The song she sang was told from the perspective of Peter, beginning with a Peter all too aware of how he had failed Jesus.  And, now that Jesus was dead, there would be no opportunity to make amends.  Then it took up where our Easter Gospel reading began, with Mary come to announce that Jesus had been taken from the tomb.  Peter runs to the tomb, John running up ahead.  They find the burial cloths set aside, and Jesus missing, and they begin to realize what has happened.  In the song Peter exclaims, “He’s alive!”  “He’s alive!”  “He’s alive and I’m forgiven.  Heaven’s gates are open wide!”  “He’s alive!”  “He’s alive!”  The song built until Mayo sang out the final, “He’s aaaalive!”  And then something happened which even now when I think about it inspires tears.  Immediately and without hesitation, every boy in that chapel stood up and applauded.
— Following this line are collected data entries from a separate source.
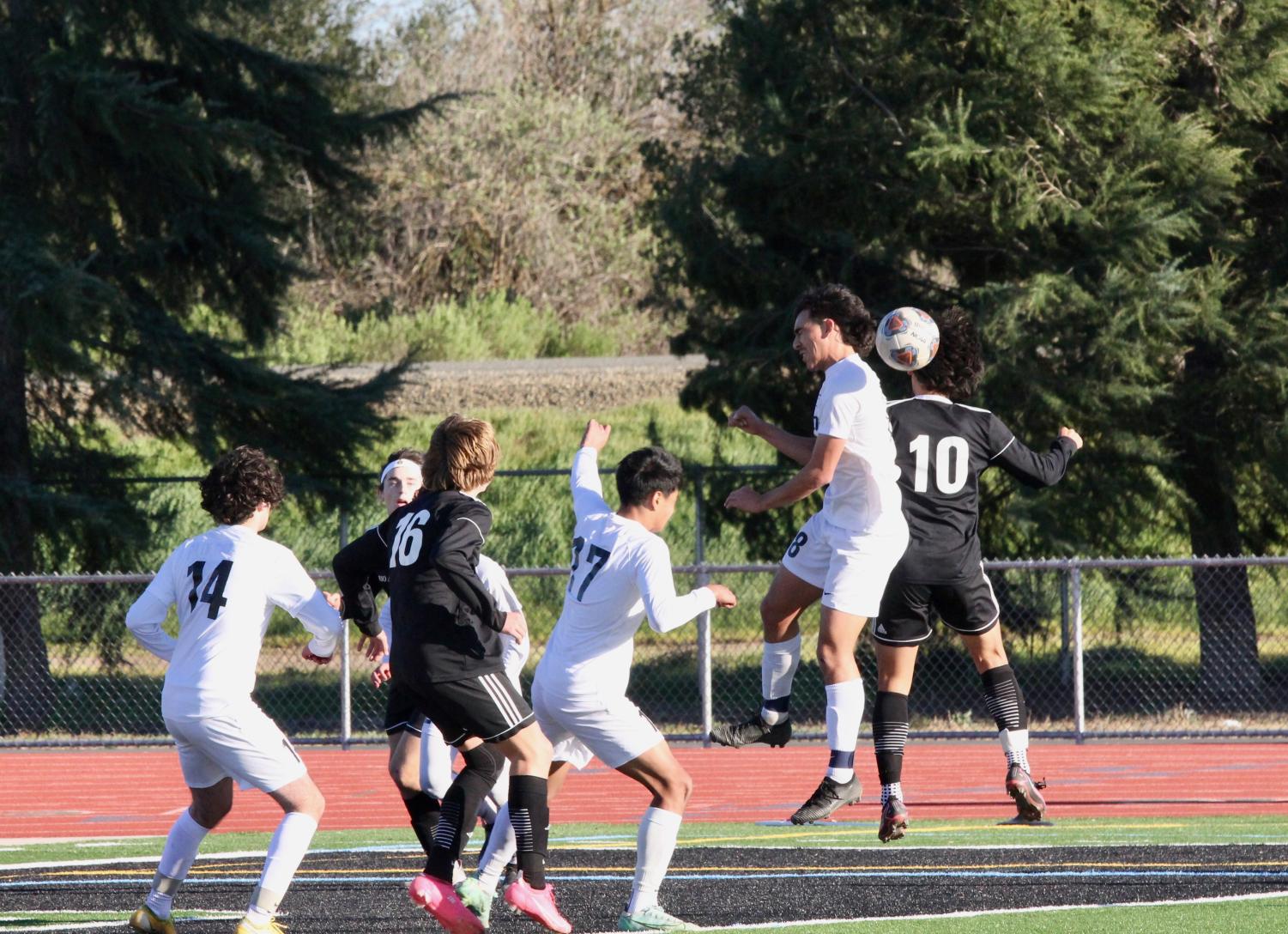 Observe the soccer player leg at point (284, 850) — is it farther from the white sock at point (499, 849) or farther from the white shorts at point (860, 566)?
the white shorts at point (860, 566)

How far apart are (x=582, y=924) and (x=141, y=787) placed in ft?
28.9

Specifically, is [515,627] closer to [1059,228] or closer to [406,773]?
[406,773]

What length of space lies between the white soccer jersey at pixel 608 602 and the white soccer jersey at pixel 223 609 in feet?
2.83

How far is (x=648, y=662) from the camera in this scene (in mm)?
19719

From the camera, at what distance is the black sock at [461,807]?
21.1 ft

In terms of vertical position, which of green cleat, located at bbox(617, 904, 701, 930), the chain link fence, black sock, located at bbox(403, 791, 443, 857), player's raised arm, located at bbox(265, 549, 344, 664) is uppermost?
player's raised arm, located at bbox(265, 549, 344, 664)

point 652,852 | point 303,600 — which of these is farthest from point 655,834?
point 303,600

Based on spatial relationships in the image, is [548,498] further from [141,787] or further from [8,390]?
[141,787]

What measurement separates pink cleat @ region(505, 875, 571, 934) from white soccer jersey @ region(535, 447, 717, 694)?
2.45 feet

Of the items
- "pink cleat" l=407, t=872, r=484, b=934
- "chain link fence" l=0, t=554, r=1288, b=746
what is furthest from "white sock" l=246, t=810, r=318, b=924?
"chain link fence" l=0, t=554, r=1288, b=746

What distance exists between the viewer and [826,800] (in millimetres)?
7535

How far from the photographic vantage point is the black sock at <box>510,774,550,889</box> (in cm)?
654

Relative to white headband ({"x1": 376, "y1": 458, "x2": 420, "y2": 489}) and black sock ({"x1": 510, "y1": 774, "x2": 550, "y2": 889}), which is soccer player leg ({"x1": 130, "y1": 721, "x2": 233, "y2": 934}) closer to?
black sock ({"x1": 510, "y1": 774, "x2": 550, "y2": 889})

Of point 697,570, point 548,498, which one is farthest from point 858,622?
point 548,498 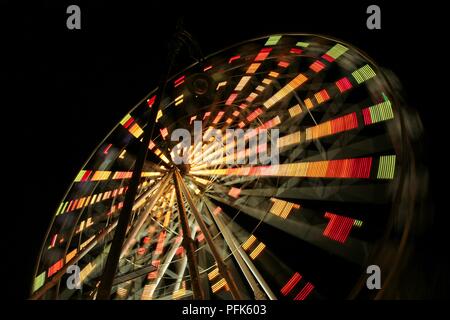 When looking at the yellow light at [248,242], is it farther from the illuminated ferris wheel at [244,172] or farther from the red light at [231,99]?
the red light at [231,99]

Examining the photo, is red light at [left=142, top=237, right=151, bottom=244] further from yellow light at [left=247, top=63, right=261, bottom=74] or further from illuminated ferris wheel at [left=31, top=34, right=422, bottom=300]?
yellow light at [left=247, top=63, right=261, bottom=74]

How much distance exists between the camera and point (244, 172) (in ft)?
13.8

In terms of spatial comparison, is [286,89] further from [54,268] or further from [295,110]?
[54,268]

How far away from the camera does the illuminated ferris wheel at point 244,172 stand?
9.34ft

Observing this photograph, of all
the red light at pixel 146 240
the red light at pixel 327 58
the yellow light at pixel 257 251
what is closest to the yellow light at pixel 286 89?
the red light at pixel 327 58

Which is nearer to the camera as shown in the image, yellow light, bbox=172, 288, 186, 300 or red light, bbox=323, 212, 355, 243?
red light, bbox=323, 212, 355, 243

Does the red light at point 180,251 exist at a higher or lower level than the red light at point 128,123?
lower

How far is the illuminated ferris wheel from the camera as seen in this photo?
9.34 feet

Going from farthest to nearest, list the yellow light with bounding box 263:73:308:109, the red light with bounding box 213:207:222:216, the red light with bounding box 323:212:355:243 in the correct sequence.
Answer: the red light with bounding box 213:207:222:216, the red light with bounding box 323:212:355:243, the yellow light with bounding box 263:73:308:109

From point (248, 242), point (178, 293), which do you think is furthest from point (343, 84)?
point (178, 293)

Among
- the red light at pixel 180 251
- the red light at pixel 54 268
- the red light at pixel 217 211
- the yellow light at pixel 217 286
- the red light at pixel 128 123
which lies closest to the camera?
the red light at pixel 54 268

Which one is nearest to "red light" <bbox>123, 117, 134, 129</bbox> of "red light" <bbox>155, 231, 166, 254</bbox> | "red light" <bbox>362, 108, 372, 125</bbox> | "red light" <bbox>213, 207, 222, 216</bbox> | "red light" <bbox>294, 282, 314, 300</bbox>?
"red light" <bbox>213, 207, 222, 216</bbox> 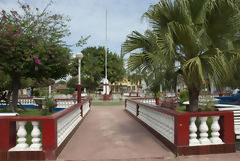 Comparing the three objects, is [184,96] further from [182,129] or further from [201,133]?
[182,129]

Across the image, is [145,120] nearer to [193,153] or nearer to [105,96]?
[193,153]

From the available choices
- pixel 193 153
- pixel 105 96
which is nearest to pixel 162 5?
pixel 193 153

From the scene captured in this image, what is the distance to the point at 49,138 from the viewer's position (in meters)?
3.66

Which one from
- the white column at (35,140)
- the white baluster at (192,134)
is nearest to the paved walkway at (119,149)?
the white baluster at (192,134)

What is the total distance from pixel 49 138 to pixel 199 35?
3882mm

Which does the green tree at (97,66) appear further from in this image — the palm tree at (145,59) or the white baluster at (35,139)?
the white baluster at (35,139)

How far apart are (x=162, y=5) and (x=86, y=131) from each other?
4679 millimetres

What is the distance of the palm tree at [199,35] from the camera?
394 cm

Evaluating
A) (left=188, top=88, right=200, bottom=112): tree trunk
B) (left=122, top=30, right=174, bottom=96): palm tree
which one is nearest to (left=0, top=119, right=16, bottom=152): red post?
(left=122, top=30, right=174, bottom=96): palm tree

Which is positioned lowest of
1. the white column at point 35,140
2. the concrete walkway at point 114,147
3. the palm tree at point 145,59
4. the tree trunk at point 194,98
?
the concrete walkway at point 114,147

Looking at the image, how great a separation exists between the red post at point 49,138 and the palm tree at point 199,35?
2.85 m

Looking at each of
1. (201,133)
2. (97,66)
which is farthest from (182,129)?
(97,66)

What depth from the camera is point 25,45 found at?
21.8ft

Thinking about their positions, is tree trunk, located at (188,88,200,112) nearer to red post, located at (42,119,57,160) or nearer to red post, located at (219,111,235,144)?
red post, located at (219,111,235,144) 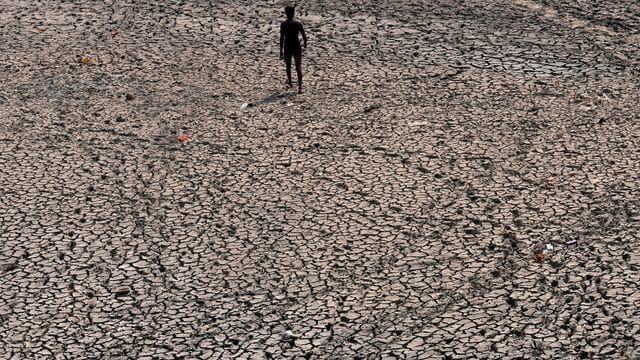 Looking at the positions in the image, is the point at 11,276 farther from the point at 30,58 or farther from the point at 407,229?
the point at 30,58

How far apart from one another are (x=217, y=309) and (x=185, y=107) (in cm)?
493

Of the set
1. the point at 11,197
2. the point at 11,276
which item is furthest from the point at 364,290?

We speak a lot in our Jesuit boys’ schools about being “men for others,” and I have yet to see a better example of that than I did on that day.  When we speak about Easter, we speak about everything being made new because of what Jesus did for us, and because God raised him from the dead.  Things were made new for me that day.  No matter what they did after that day, I could never quite see those boys in the same way again.  They had stepped up when it was most important.  And I can never think of Easter without thinking of Mayo Kikel who because of her humility, faith and courage was able to inspire such a moment.
Mayo beat the cancer, but was stricken just a couple years later with a rare disease which took her from us.  But I will never forget her.  Few people in my life have exemplified as well as her what Easter is all about.